First, we evaluate the dispersive behavior of the proposed structure changing the chemical potentials of the ring (μCR) and waveguide (μCW), simultaneously. The real and imaginary parts of the effective index — i.e Re (neff) and Im (neff) — versus the input signal frequency, f, are represented by the solid and open symbols in Figs. 2(a) and 2(b), for μCR = μCW = 0.3 (circles), 0.4 (squares), 0.5(diamonds), and 0.6 eV (triangles). The maximum chemical potential can be achieved, applying the gate voltage of 2.4 V to a parallel plates capacitor with a 5-nm thick SiO2, as the gate dielectric. From Fig. 2(b), one can easily see that the surface plasmons polaritons (SPPs) propagation loss in the waveguide is smallest at μC = 0.6 eV. Our calculations show that the SPPs propagation length (LSPP) at the ring resonance frequency (f = 10.38 THz) in the range of 0.4≤μC≤0.6 eV varies almost linearly with μC. A linear fit shows that LSPP (μm) ≈8.5μC (eV) −1.6.
Fig. 2 (a). Real and (b).

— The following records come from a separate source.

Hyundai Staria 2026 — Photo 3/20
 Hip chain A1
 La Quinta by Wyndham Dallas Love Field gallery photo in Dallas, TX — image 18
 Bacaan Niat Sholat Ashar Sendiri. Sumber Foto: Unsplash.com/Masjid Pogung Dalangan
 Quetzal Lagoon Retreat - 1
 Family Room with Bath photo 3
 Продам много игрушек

Imaginary parts of the effective refractive index (neff) versus frequency for various graphene chemical potentials.
To investigate the coupling between the plasmonic waveguide and the ring resonator, at the ring resonance frequency, we have calculated the transmission coefficient through the waveguide versus μCW and μCR. Figure 3(a) displays the simulated profile. As can be seen from this profile, for μCW = μCR = 0.6 eV the transmission through the waveguide is insignificant (~2.8%), meaning that the resonance between the waveguide and the ring resonator is nearly perfect. Henceforth, we call this the “resonance condition”. Moreover, the same profile reveals that for μCW = 0.6 eV and μCR<0.48 eV the transmission maximizes (T~98%), for which the resonance between the waveguide and the ring resonator is insignificant and henceforth we call this the “off-resonance condition”.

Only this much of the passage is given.